Sustainable Pollination Services for UK Crops




What pollinates our crops?

Pollination of plants is carried out by many different wild insect species including bumblebees, solitary bees, hoverflies, butterflies and moths as well as some managed species such as the honey bee. The importance of these different pollinator groups depends on the crop species, for example long tongued bumblebees have been shown to be good bean pollinators (Kendall, 1975) whilst solitary bees can be effective pollinators of oilseed rape (Jauker et al., 2012) and historically, honey bees have been used as pollinators for many different crops (Carreck and Williams, 1998).

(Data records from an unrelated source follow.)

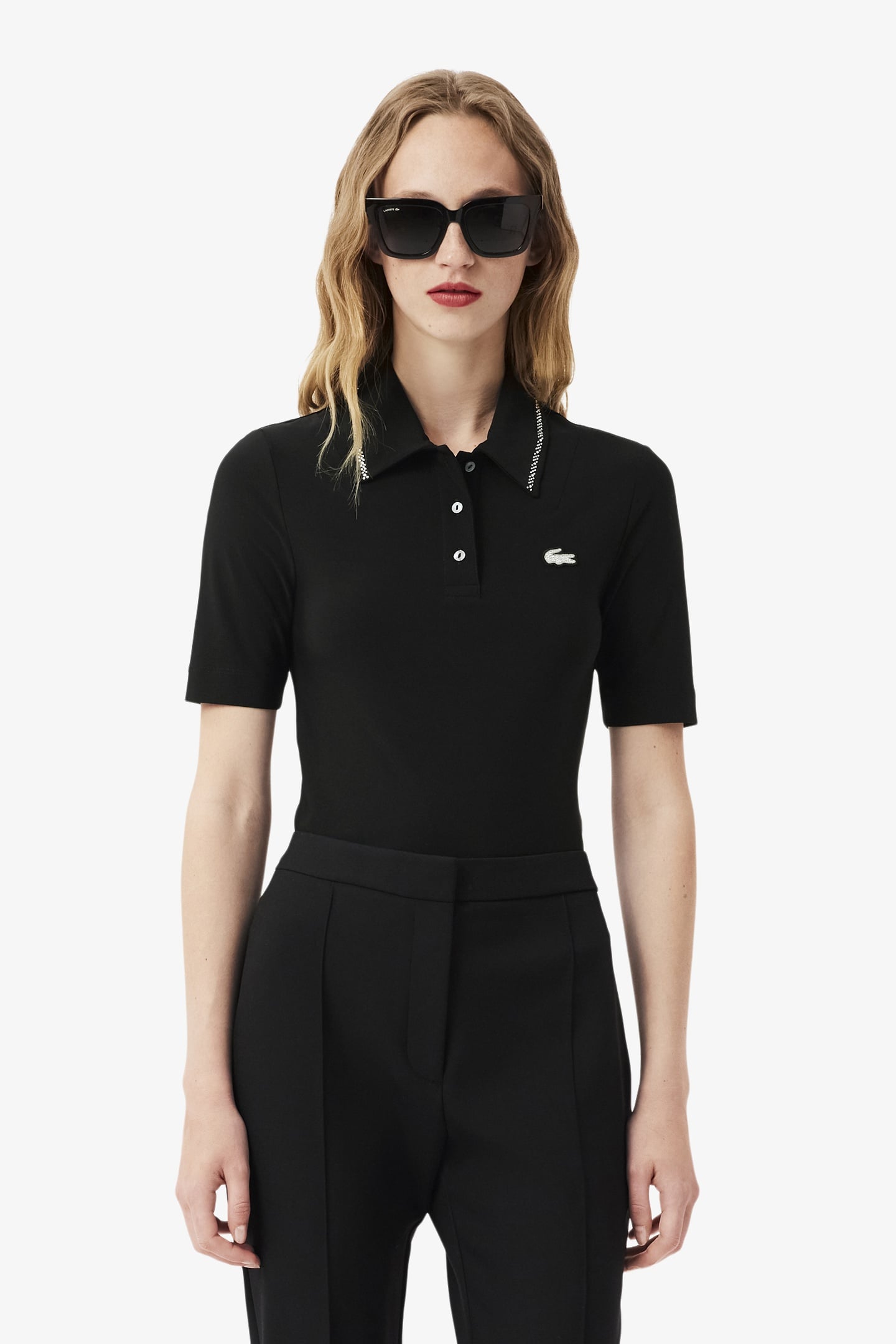 SHORT SLEEVE POLO BLACK 1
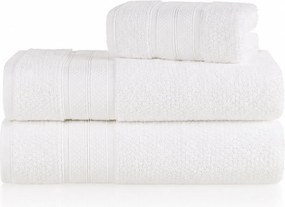 Kit 3 Pçs Toalhas Karsten 100% Algodão Nuvia - Branco Branco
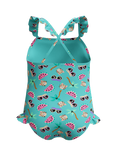 Speedo Kids' Thinstrap Cross-Back Frill Swimsuit, Arctic Glass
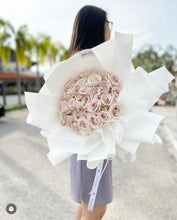 Load image into Gallery viewer, Valentines Prestige  Style Wrap Bouquet To You -ECUADOR QUICKSAND ROSES
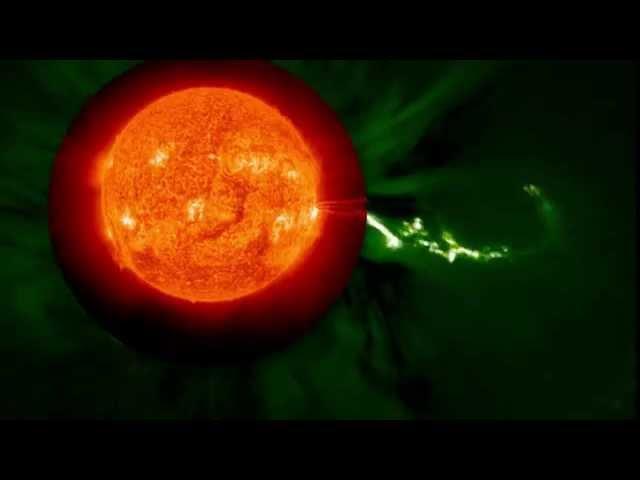 Spectacular August Solar Flare - Wide View From NASA | Video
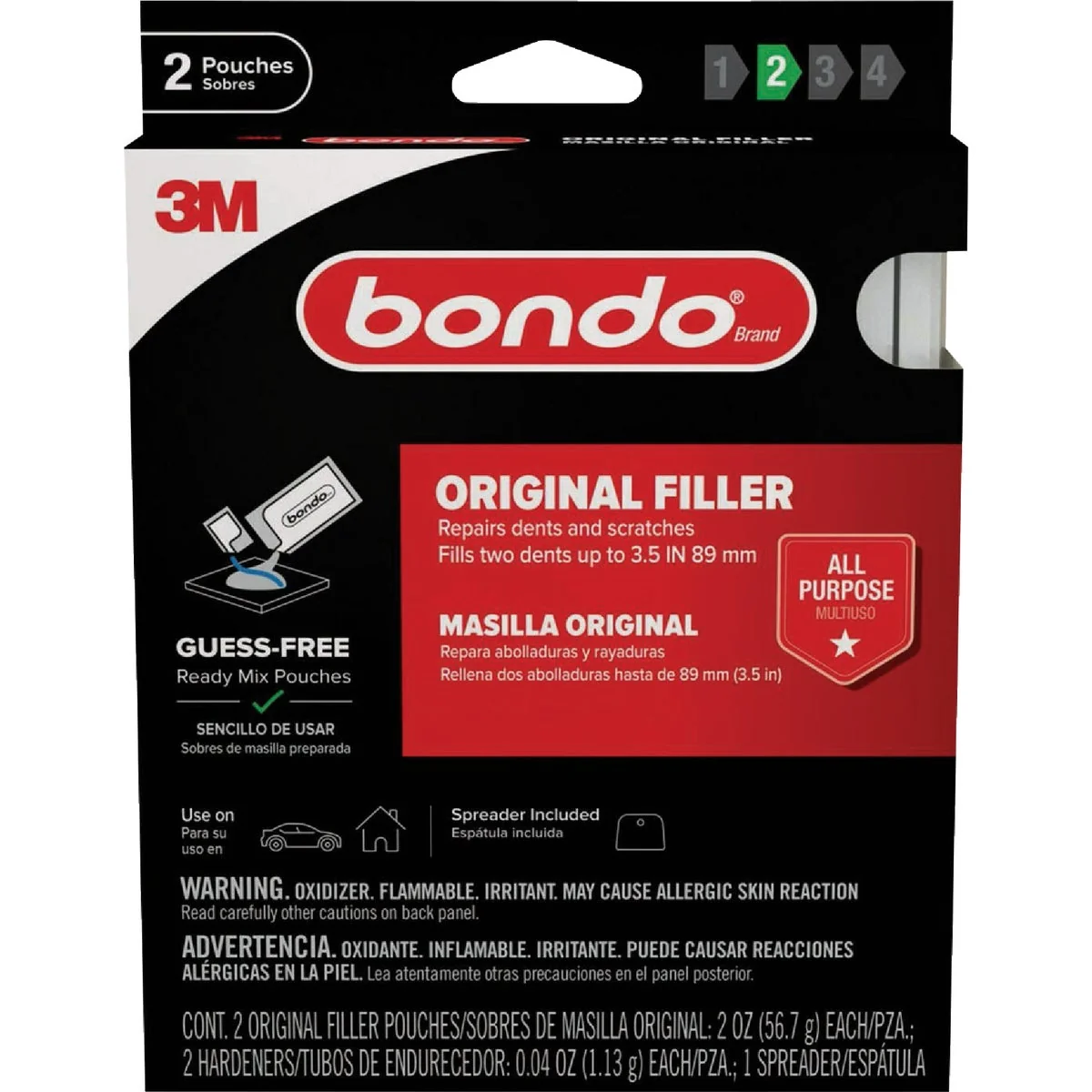 Enhanced Bondo 2 Oz. Ready Mix Filler High-Performance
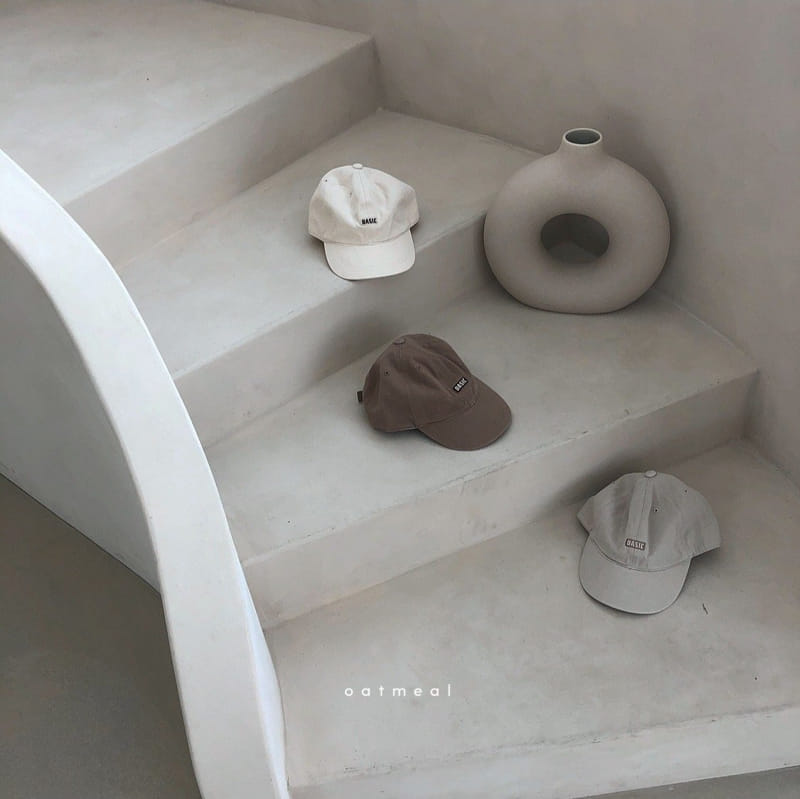 OATMEAL - Korean Children Fashion - #Kfashion4kids - Basic Ball Cap - 3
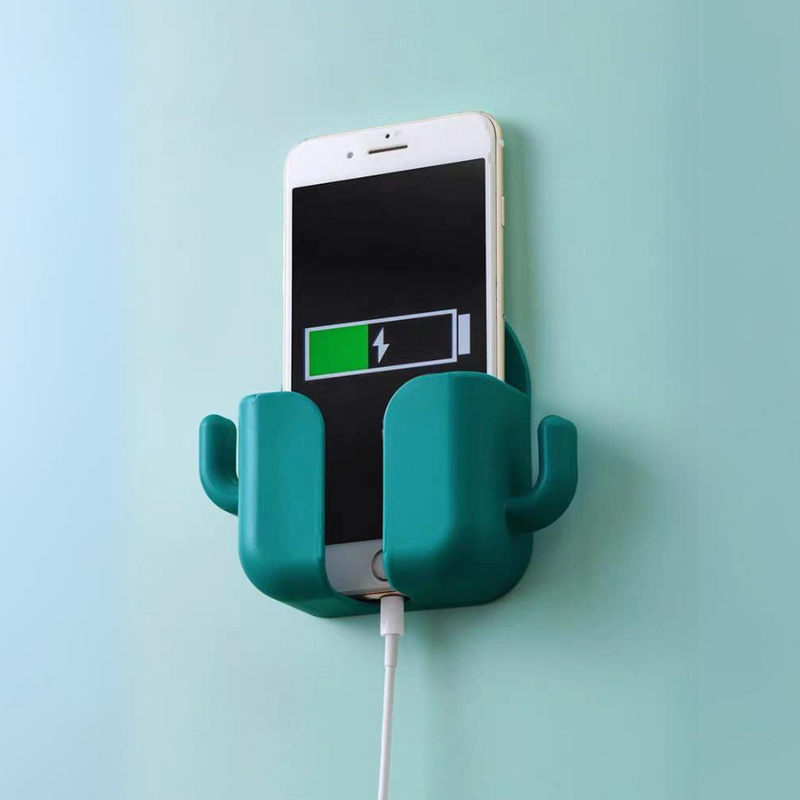 Wall-Mounted Phone Holder for Charging - Space-Saving, Easy to Install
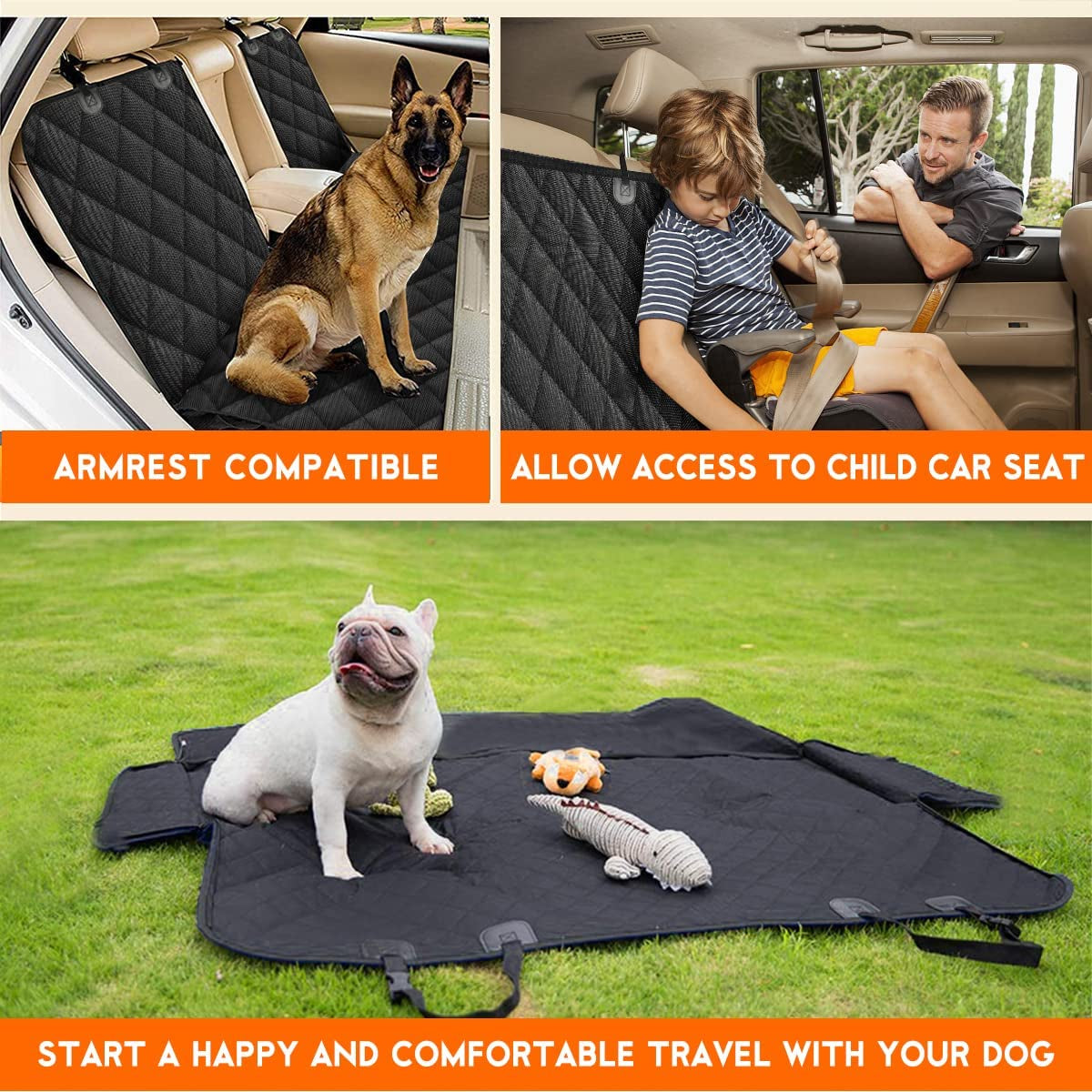 Premium Waterproof Dog Seat Cover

In recent years the number of honey bees in the UK has been in decline (Potts et al. 2010) and there is evidence that we are becoming increasingly reliant on wild pollinators to provide crop pollination services (Breeze et al., 2011) and until now their contribution may have been underestimated.

In the UK there are over 250 species of solitary bee, 22 species of bumblebee and over 270 species of hoverfly, many of which could be important crop pollinators. It is essential therefore, that we establish which insect pollinators are making a contribution to crop production in the UK. Given the potential importance of different pollinators to different crops it is also imperative that we understand the significance of diverse pollinator communities in producing consistent crop yields. It is risky to rely on pollination by one or a few species, a diverse pollinator community will provide stable and robust pollination services even during times of environmental change. It has already been shown that increased pollinator diversity can improve the yield of some crops (Hoehn et al., 2008).